A slab of cheese, a mound of pigs’ feet, wedges of watermelon, a bowl of eggs and a platter of oysters have all been left to ruin on the massive wooden dining room table. A towering centerpiece, pregnant with fruit, has keeled over, taking out goblets and candlesticks in its wake. Already, snails are arriving in droves. A squirrel, eyeing the situation from its perch on the wall nearby, prepares to fling itself into the tableau. This scene of out- and-out gluttony, teetering on the brink of chaos, is all the more precarious because it is made entirely of glass. “Still Life With Metal Pitcher” (2007) is the focal point of the artist Beth Lipman’s installation “After You’re Gone,” on view at the RISD Museum of Art in Providence, R.I., through January 2009. Lipman describes the work as a distorted interpretation of Dutch still life painting, drawing parallels between the golden era of that genre and today’s consumerism, and she does it all through the medium of glass.
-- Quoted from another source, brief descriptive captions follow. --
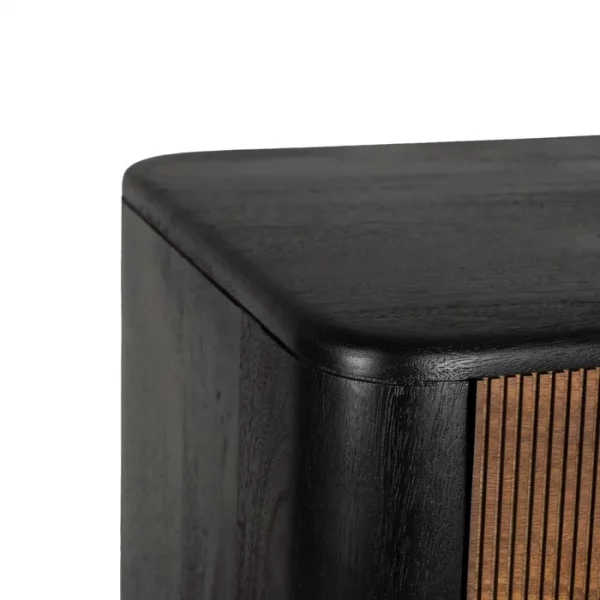 ARMARIO MARRÓN-NEGRO MADERA SALÓN 90 X 40 X 150 CM - Imagen 4
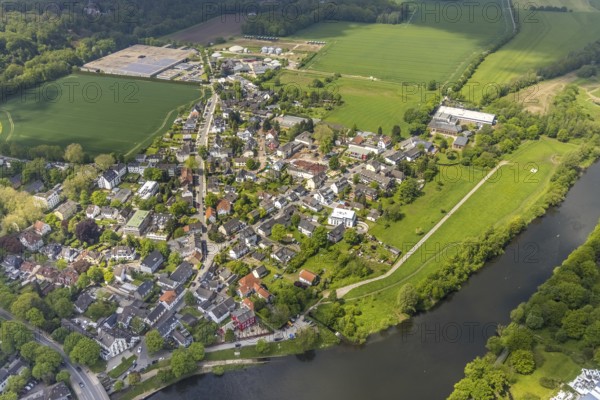 Aerial view, residential area Kettwig in front of the bridge, biogas plant Landsberger Straße,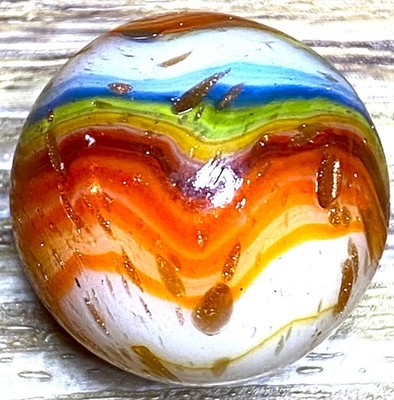 JAS/DABO SUPA-DUPA COLORFUL RAINBOW HIPPY LUTZ MARBLE SHOOTER  75'' M553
Inspired by a visit to the Pendleton House, the RISD Museum’s 1906 neo-Georgian wing, she brought even more to the already loaded table, adding glass topiaries, a pair of convex glass portraits and an alarmingly ornate glass claw-foot settee, to create her own version of a period room.

 

 

And then there is the wallpaper. “I wanted to anchor the room and tie it all together,” explains Lipman, who based the blotchy, impressionistic pattern on a floral design from the museum’s archives. What from a distance looks like disintegrating flocked velvet, on closer inspection, reveals itself to be composed of hundreds of pieces of handmade glass, each of which is individually attached to the gallery walls. To meet the deadline for the exhibition’s opening, Lipman and her husband, Ken Sager, kept the fires going in their Wisconsin studio throughout the winter, sifting crushed glass into templates and then fusing it in the kilns. When I ask Sager how many pieces there are, he just shakes his head. This is Lipman’s most elaborate installation — so far, anyway.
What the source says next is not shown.